Badenheim 1939
- First edition (Hebrew)
- Author: Aharon Appelfeld
- Original title: באדנהיים עיר נופש (translit.: Badenhaim `ir nofesh)
- Translator: Dalya Bilu
- Language: Hebrew
- Genre: Allegorical, Satire, Historical novel
- Publisher: David R. Godine (translation)
- Publication date: 1978
- Publication place: Israel
- Published in English: November 1980
- Media type: Print (Hardback & Paperback)
- Pages: 148 pp (Hardback English-language edition)
- ISBN: 0-87923-342-7 (translation hardback edition) & ISBN 0-7043-8026-9 (translation paperback edition)
- OCLC: 6603140
- Dewey Decimal: 892.4/36 19
- LC Class: PJ5054.A755 B3413 1980

= Badenheim 1939 =

Israeli novel by Aharon Appelfeld

Badenheim 1939 is an Israeli novel by Aharon Appelfeld. First published in Hebrew in 1978 as באדנהיים עיר נופש (Badenhaim `ir nofesh, 'resort town Badenheim'), it was his first novel to be translated into English, and was subsequently translated into many other languages. Described as "the greatest novel of the Holocaust", this novel is an allegorical satire that tells the story of a fictional resort town in Austria shortly before its residents are relocated to Nazi concentration camps in German-occupied Poland.

==Plot summary==
Badenheim is a primarily Jewish resort town in (German-occupied) Austria that hosts a yearly arts festival, organized by Dr. Pappenheim. Slowly, the Nazi regime, represented by the "Sanitation Department", begins shutting down the town and preparing to move its residents to Eastern Europe. The citizens begin blaming each other and losing their minds. Despite impending doom, others remain optimistic and refuse to see the coming Holocaust.

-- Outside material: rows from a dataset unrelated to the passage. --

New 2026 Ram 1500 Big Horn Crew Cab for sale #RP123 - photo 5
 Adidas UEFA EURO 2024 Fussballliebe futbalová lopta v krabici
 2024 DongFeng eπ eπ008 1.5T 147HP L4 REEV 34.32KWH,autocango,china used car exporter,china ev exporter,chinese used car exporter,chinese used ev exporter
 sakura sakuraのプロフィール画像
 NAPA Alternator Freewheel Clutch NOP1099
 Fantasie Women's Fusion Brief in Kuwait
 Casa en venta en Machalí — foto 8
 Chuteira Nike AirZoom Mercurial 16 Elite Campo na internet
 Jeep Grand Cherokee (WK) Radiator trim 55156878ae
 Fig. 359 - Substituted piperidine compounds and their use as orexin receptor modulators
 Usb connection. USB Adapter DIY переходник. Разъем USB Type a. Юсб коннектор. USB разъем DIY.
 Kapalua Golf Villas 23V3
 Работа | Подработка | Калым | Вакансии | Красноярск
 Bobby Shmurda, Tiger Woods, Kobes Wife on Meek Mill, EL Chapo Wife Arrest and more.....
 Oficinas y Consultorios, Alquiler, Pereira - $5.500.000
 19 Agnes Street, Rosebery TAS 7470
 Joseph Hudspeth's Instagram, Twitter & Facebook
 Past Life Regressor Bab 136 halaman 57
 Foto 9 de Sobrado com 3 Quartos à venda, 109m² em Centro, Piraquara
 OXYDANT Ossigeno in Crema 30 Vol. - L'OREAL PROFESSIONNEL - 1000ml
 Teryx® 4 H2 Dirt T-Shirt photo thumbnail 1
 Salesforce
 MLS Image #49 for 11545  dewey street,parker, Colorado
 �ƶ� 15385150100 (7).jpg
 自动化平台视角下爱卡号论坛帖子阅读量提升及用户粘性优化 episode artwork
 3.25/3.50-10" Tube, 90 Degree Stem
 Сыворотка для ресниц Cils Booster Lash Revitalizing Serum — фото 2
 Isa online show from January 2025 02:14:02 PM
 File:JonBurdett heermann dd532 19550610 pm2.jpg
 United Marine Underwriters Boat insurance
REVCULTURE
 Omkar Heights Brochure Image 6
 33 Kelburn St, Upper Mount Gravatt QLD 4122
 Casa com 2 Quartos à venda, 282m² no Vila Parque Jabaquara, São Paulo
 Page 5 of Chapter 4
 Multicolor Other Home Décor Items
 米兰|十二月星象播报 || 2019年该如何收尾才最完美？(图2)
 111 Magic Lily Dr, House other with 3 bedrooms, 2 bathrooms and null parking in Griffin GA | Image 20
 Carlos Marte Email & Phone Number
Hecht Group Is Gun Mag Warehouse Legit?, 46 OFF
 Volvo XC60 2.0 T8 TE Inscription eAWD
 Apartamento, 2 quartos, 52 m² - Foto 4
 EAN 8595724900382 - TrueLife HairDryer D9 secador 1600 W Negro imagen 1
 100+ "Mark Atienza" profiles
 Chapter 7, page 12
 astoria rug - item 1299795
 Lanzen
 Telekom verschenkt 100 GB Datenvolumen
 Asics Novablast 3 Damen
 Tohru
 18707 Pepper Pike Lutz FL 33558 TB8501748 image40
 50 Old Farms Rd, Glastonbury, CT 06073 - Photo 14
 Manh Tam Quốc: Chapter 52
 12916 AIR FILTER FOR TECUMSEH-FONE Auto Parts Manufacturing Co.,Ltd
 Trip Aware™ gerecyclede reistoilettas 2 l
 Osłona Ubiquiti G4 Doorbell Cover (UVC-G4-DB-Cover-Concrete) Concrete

==Characters in Badenheim 1939==
- Dr. Pappenheim
  an optimistic and eccentric impresario who visits Badenheim each summer to organize the annual music festival. He craves structure, constantly refers to schedules and timetables, but is always able to find positive explanations for the most ominous of actions.
- Frau Zauberblit
  an escapee from a nearby sanatorium, she appears to have mild symptoms of tuberculosis. In her gay straw hat, she enjoys the companionship and culture that Badenheim provides.
- Martin
  the local pharmacist, is self-conscious and quick to blame himself for the problems of others. He is dedicated to his ailing wife, Trude.
- Trude
  Martin’s wife; stricken with severe depression and paranoia; she constantly awaits news from her daughter.
- Sally and Gertie
  two local middle-aged prostitutes, largely accepted by the community.
- Mandelbaum
  an eccentric musician who arrives late in the season along with a musical trio.
- Dr. Shutz
  a boyish, love-starved doctor who is in love with a visiting schoolgirl who he soon learns is pregnant.
- Dr. Langmann
  claiming his Austrian heritage with pride, he is quick to denounce his Judaism in order to maintain his status.
- Karl and Lotte
  a couple who journey to Badenheim for the music festival. Karl has dragged a skeptical Lotte to the town, but it is Karl who loses his grip on reality as the summer wears on.
- Leon Samitzky
  a musician who migrated from Poland as a child and still recalls his native land with fondness.
- The yanuka
  Nahum Slotzker, a Polish child and musical prodigy brought to Badenheim by Dr. Pappenheim. (“Yanuka” is an Aramaic word meaning “child prodigy,” often used to describe very young and very bright Talmudic scholars.).
- The rabbi
  old, infirm and forgotten, he appears in his wheelchair very late in the novel, lamenting in an incomprehensible mixture of Yiddish and Hebrew.

==Text history==
Aharon Appelfeld first published the novel as a short story entitled "Badenheim 1939" in the Hebrew journal Moznaim 36 (Dec. 1972), pp. 21-35. An English translation by Betsy Rosenberg was published in Ariel 35 (1974), pp. 3-23. That translation was reprinted in TriQuartely 39 (1977). The short, original version is worth reading and of great interest to scholars. Edited by Ken Frieden, Betsy Rosenberg's revised translation of the story was reprinted in The B.G. Rudolph Lectures in Judaic Studies, New Series, Lecture 3; preface + pp. 1–30.